Legality of Security Research to Be Decided in US Supreme Court Case
A ruling that a police officer's personal use of a law enforcement database is "hacking" has security researchers worried for the future.
September 9, 2020
Independent security researchers, digital-rights groups, and technology companies have issued friend-of-the-court briefs in a US Supreme Court case that could determine whether violating the terms of service for software, hardware, or an online service equates to hacking under the law.
The case—Nathan Van Buren v. United States—stems from the appeal of Van Buren, a police sergeant in Cumming, Georgia, who was found guilty in May 2018 of honest services wire-fraud and a single charge of violating the Computer Fraud and Abuse Act (CFAA) for accessing state and government databases to look up a license plate in exchange for money. While Van Buren was authorized to use the Georgia Crime Information Center (GCIC) to access information, including license plates, federal prosecutors argued successfully that he exceeded that authorization by looking up information for a non-law enforcement purpose.
With the appeal accepted by the US Supreme Court, security researchers and technology companies are concerned with the potential for the case to turn independent vulnerability research into unauthorized access and, thus, a prosecutable offense. If the US Supreme Court rules that Van Buren's actions are a violation of the CFAA, it will undermine software and cloud security, says Casey Ellis, chief technology officer and founder of crowdsourced bug bounty firm Bugcrowd.
"Unauthorized access is one of the main purposes of security research—by making it illegal, researchers will be unable to effectively do their jobs, the organization will not be able to close all vulnerabilities, and attackers will win," Ellis says, adding, "the purpose of the CFAA is to outlaw malicious cyberattacks, not grant organizations the ability to halt vulnerability reporting by holding ethical researchers legally accountable for their actions."

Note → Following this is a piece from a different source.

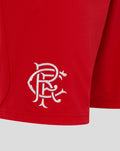 Close up of red shorts showing white embroidered Rangers crest near the hem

The list of interested parties filing so-called Amicus briefs in the case pit the usual suspects against each other: Digital rights groups—such as the American Civil Liberties Union, the Center for Democracy and Technology, and Electronic Frontier Foundation—against law enforcement—specifically, the Federal Law Enforcement Officers Association, and security researchers and security firms—such as Rapid7 and Bugcrowd—against organizations such as the financial group Managed Funds Association (MFA) and mobile voting firm Voatz.

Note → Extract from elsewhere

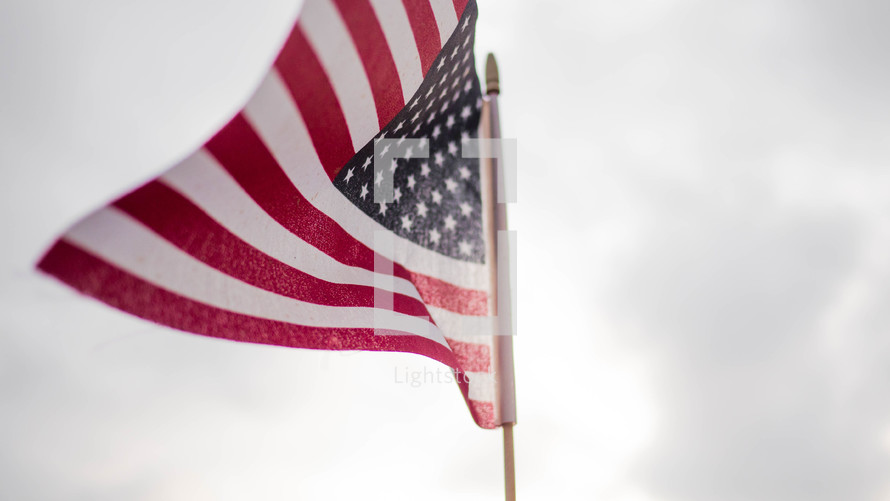American flag against an overcast sky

The MFA worried about "faithless employees" stealing client information, financial information and trade secrets, while Voatz raised its concerns that independent research—such as a recent paper authored by Massachussetts Institute of Technology (MIT) researchers that found significant security issues with its mobile voting application—is not in the cause of security. On September 3, Voatz filed its brief in response to the filing on behalf of security researchers.

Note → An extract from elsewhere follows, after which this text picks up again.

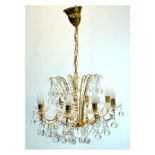 Gilt metal eight branch chandelier with glass lustre swags and drops Condition:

"We're not advocating to limit anyone's freedom – we're saying it's difficult to distinguish between good and bad faith attacks in the midst of a live election," the company said in a statement sent to Dark Reading. "For everyone's sake, it's better to work collaboratively with the organization — bad actors disguise themselves as good actors on a regular basis. All attempts to break into or tamper with an election system during a live election need to be treated as hostile unless prior authorization was specifically granted."
The MIT research used the Voatz app and a reverse-engineered version of the backend server, and never took place during a live election, according to a paper published at the prestigious USENIX Security Conference last month.
"As performing a security analysis against a running election server would raise a number of unacceptable legal and ethical concerns, we instead chose to perform all of our analyses in a 'cleanroom' environment, connecting only to our own servers," Michael Specter, a PhD candidate in computer science at MIT, and his co-authors stated in the paper. A later analysis funded by Voatz actually verified all the vulnerabilities plus a significant number of additional issues.
Yet, other technology companies and organizations have voiced support for security researchers and limiting the application of the Computer Fraud and Abuse Act. In their joint Amicus brief, software-developer tools maker Atlassian, browser maker Mozilla, and e-commerce platform firm Shopify all supported security researchers' efforts.
"Effective computer security ... entails creating systems that are resilient to computer hackers. That requires letting people, including members of the robust community of independent security researchers, probe and test our computer networks," the companies stated, adding "[a]n overbroad reading of the CFAA, however, chills ... critical security research. Security experts may not think it worth the risk to conduct their research without a clear definition of what it means to 'exceed authorized access,' especially when mere terms of service violations have been used to impose criminal penalties in the past."
Security researchers are not the only ones at risk, says Bugcrowd's Ellis. Anyone who uses a computer system in a way not intended by the manufacturer could find themselves the target of legal action and, perhaps, prosecution, he says.
"The law is so broadly written that it criminalizes acts that otherwise violate a website's terms of services, from lying about your name on a Web form to the socially beneficial security testing that ethical security researchers undertake," he says. "A broader interpretation of 'exceeds unauthorized access' in CFAA works directly against the goals of a safer and more resilient Internet."
A date for oral arguments in the case has not been set.